┏━━
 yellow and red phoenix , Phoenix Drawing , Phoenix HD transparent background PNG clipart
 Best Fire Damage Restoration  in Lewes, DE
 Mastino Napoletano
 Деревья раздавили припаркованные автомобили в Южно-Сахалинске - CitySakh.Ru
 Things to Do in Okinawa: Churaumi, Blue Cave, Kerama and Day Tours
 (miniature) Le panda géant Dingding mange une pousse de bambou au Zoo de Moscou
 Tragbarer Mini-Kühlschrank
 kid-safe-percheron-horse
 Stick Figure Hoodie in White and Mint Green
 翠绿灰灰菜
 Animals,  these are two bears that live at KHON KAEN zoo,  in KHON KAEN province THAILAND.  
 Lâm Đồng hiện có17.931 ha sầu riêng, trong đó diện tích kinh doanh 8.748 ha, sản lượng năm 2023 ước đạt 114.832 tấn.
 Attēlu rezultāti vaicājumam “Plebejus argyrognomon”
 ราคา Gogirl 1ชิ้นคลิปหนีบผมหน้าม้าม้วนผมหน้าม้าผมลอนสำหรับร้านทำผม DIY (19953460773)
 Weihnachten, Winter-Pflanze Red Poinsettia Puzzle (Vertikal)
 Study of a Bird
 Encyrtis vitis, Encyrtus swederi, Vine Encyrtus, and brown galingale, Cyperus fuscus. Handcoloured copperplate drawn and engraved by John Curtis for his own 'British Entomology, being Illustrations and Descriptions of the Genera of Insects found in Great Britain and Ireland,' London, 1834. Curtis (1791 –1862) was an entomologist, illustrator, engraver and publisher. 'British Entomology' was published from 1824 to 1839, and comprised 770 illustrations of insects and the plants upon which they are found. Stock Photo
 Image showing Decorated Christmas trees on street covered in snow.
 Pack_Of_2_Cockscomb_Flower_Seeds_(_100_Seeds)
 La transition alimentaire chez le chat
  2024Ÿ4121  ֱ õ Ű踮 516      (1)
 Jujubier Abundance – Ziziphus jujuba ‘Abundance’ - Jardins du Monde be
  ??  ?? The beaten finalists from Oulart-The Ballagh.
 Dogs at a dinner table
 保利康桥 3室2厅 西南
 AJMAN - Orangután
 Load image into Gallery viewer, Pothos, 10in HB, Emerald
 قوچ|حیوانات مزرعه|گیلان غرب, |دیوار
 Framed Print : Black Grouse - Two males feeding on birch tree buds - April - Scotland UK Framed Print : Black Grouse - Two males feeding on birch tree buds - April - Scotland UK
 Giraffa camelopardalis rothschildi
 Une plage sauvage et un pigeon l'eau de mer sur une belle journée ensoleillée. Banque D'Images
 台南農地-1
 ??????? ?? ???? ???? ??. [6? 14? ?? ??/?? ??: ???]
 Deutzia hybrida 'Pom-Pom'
┗━━
Task description: Output the material above exactly, but only from the line that carries "(miniature) Le panda" through the line that carries "Study of a Bird".

Task answer:
 (miniature) Le panda géant Dingding mange une pousse de bambou au Zoo de Moscou
 Tragbarer Mini-Kühlschrank
 kid-safe-percheron-horse
 Stick Figure Hoodie in White and Mint Green
 翠绿灰灰菜
 Animals,  these are two bears that live at KHON KAEN zoo,  in KHON KAEN province THAILAND.  
 Lâm Đồng hiện có17.931 ha sầu riêng, trong đó diện tích kinh doanh 8.748 ha, sản lượng năm 2023 ước đạt 114.832 tấn.
 Attēlu rezultāti vaicājumam “Plebejus argyrognomon”
 ราคา Gogirl 1ชิ้นคลิปหนีบผมหน้าม้าม้วนผมหน้าม้าผมลอนสำหรับร้านทำผม DIY (19953460773)
 Weihnachten, Winter-Pflanze Red Poinsettia Puzzle (Vertikal)
 Study of a Bird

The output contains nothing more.